Some 25,000 troops are involved in the three-pronged push against militant networks blamed for some of the worst attacks in Pakistan, where a recent spike in assaults has left more than 170 people dead so far this month.
The military said nine soldiers and 78 militants have been killed so far in South Waziristan, part of the anarchic tribal belt on the Afghan border.
It is impossible to corroborate information from within South Waziristan. The military has sealed off exit and entry points, imposed curfews and jammed phone lines.

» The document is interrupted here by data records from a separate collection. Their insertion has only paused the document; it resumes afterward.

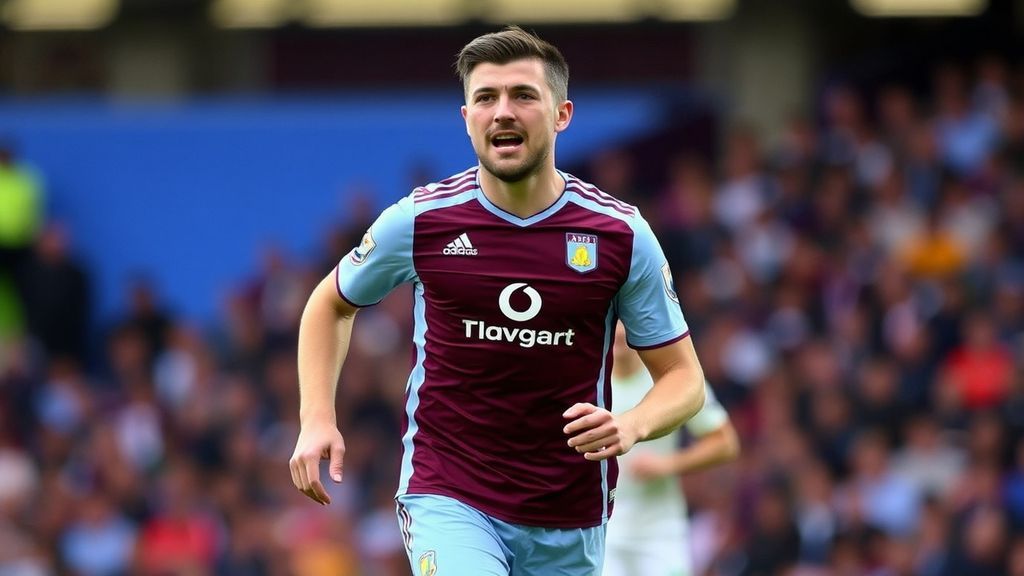 维拉新星罗杰斯身价破亿！曼联切尔西垂涎却遭名宿警告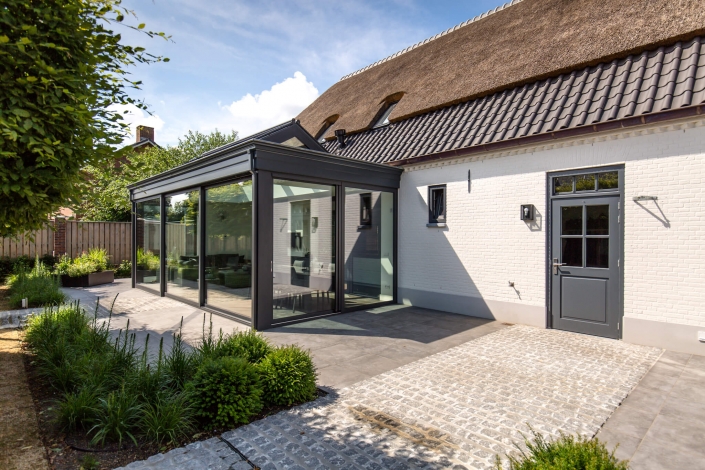 Genieten in een landelijke tuinkamer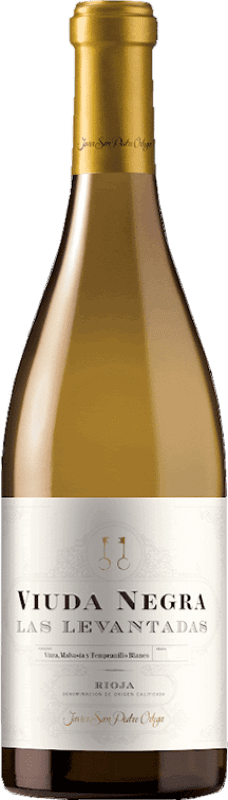 13,95 € | White wine Javier San Pedro Viuda Negra Las Levantadas D.O.Ca. Rioja The Rioja Spain Viura, Malvasía, Tempranillo White 75 cl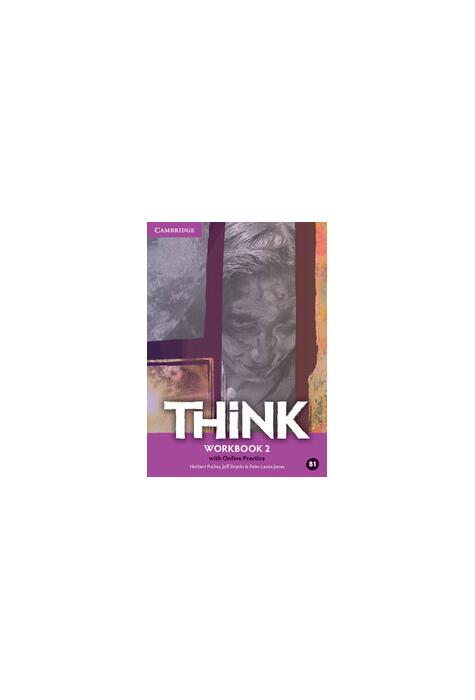 Copertă produs Think Level 2 Workbook with Online Practice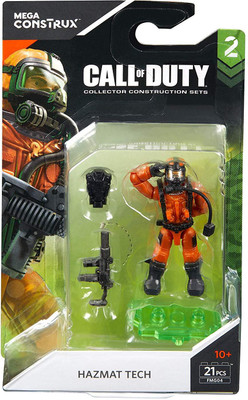 

Mattel Mega Blocks Call of Duty - Hazmat(Orange)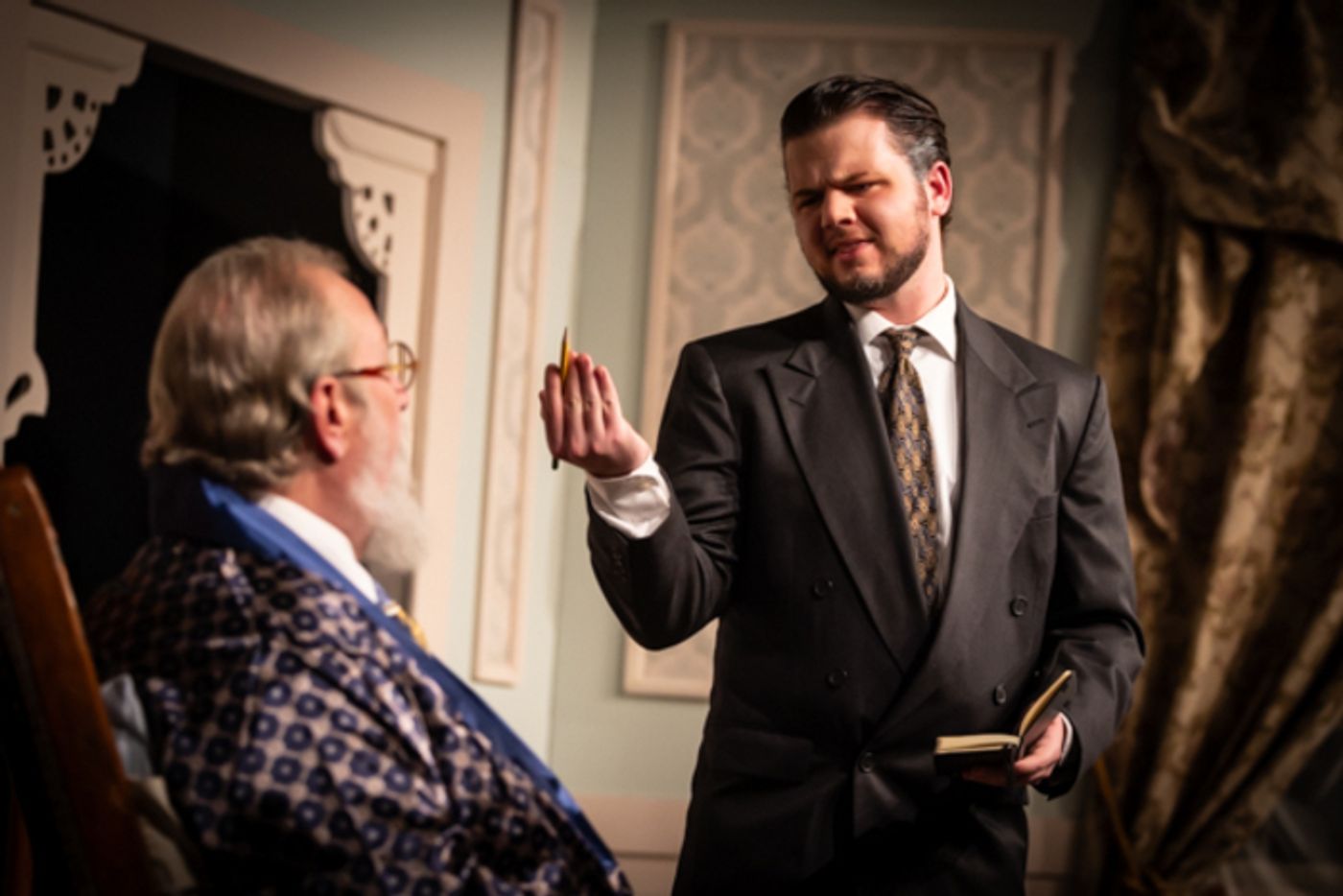 Photos: First look at Hilliard Arts Council's THE MAN WHO CAME TO DINNER  Image
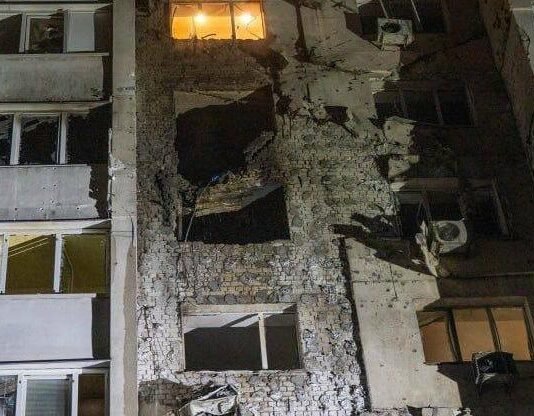 После атаки РФ на Одессу в больницах остаются пятеро раненых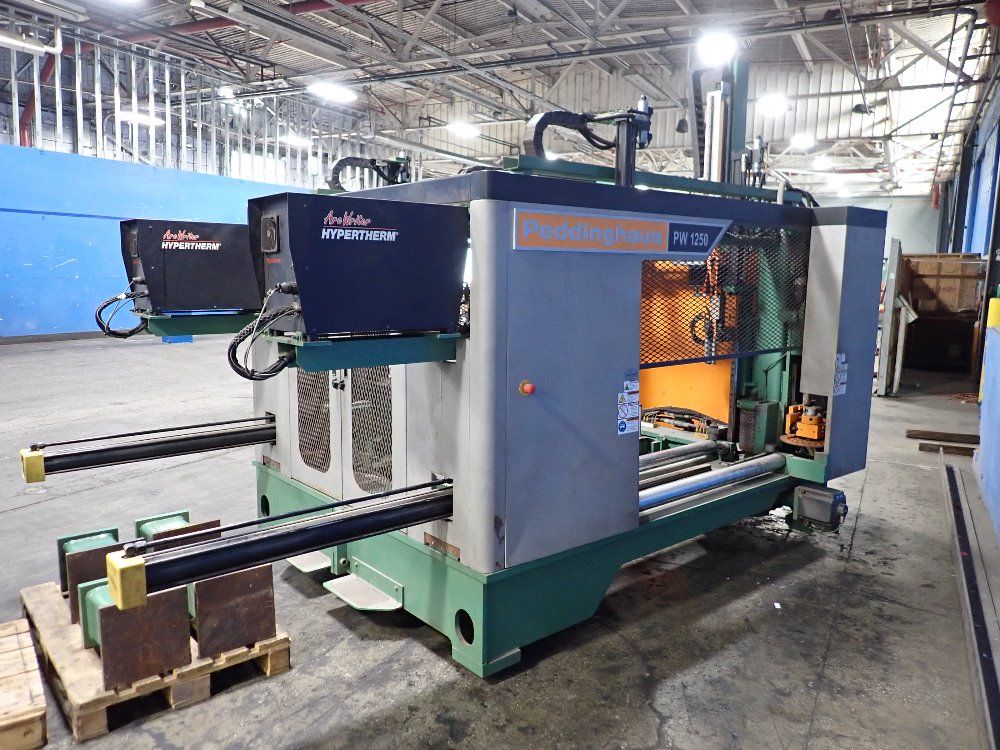 Peddinghaus 2015 Peddinghaus Pw1250 Plasma Layout Machine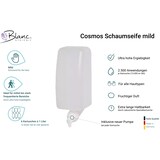 thumbnail of Cosmos Schaumseife 15.000 Anwendungen, 6 x 1 Liter, inkl. Pumpe, vakuumierte Kartusche, made in Germany, für alle Hauttypen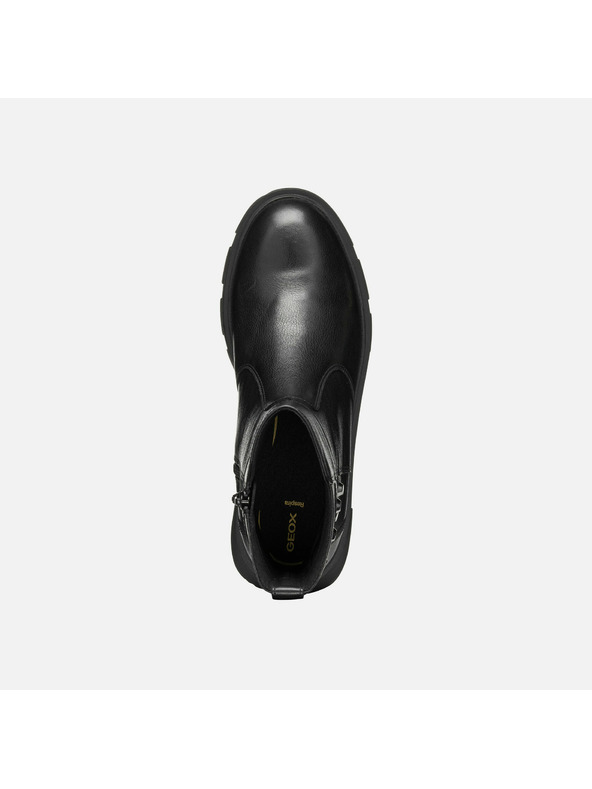 Geox Schwarze Damenstiefel Geox Vilde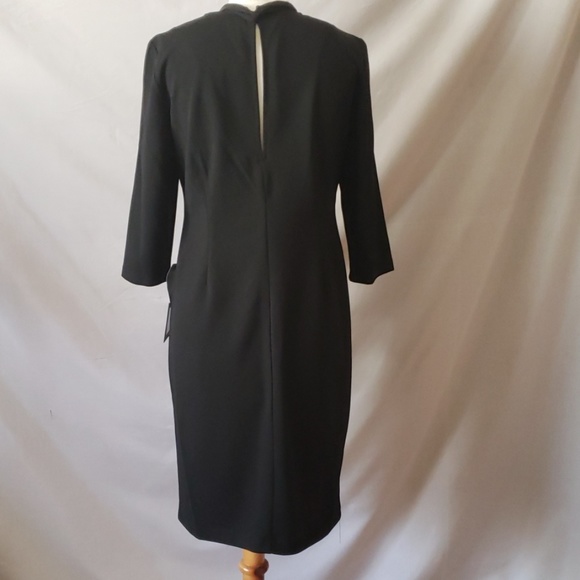 New Marina Black Dress - Picture 5 of 7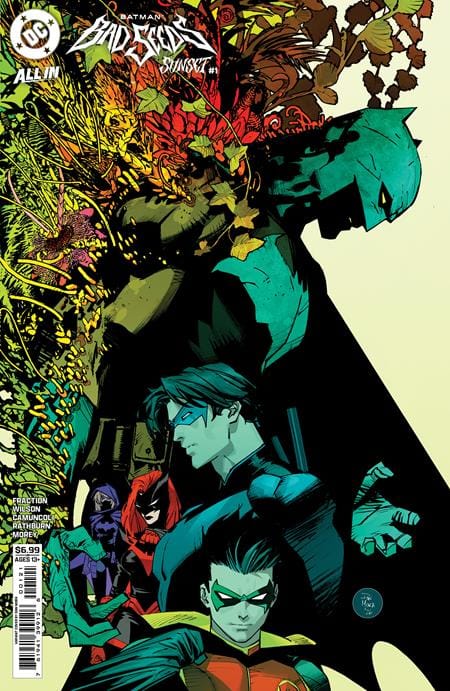 DC Comics NEW THIS WEEK BATMAN BAD SEEDS SUNSET #1 (ONE SHOT) CVR B DAN MORA CARD STOCK VAR (VF/NM)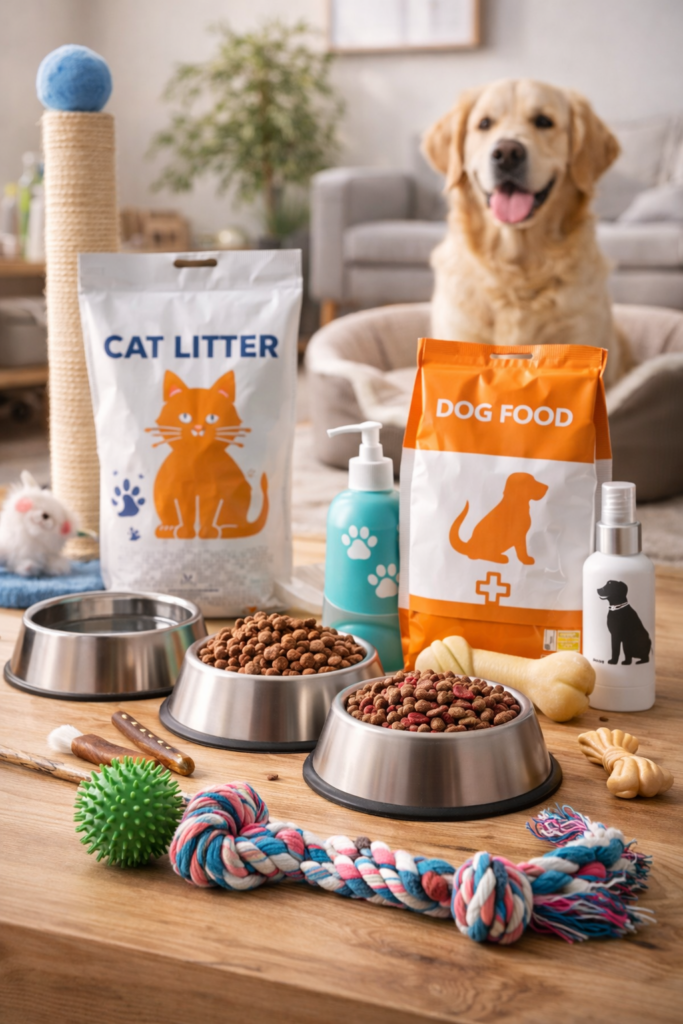 dieren banner dekoplaza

Some of the 100,000 people who have fled to neighbouring Dera Ismail Khan, on foot and stuffed into pick-up trucks weighed down with bedding and animals, spoke of intensifying fighting and air strikes targeting villages.
“I decided to leave when my neighbour’s house was destroyed by jet fighters,” said Rahim Dad Mehsud, a labourer from Tiarza who said he walked three days to leave South Waziristan with 12 relatives.
Mehsud, who comes from the same tribe as the TTP leader, said ordinary civilians were the victims of a doomed operation.
“The Taliban cannot be eliminated through a military operation. Both are killing us,” he said.
Some of the displaced civilians accused the authorities of maltreating those from the tribal belt, which has a fierce tradition of independence.
Numerous previous offensives in the tribal belt have had limited success, costing the lives of 2,000 troops and ending generally with peace agreements that critics say simply gave the militants a chance to re-arm.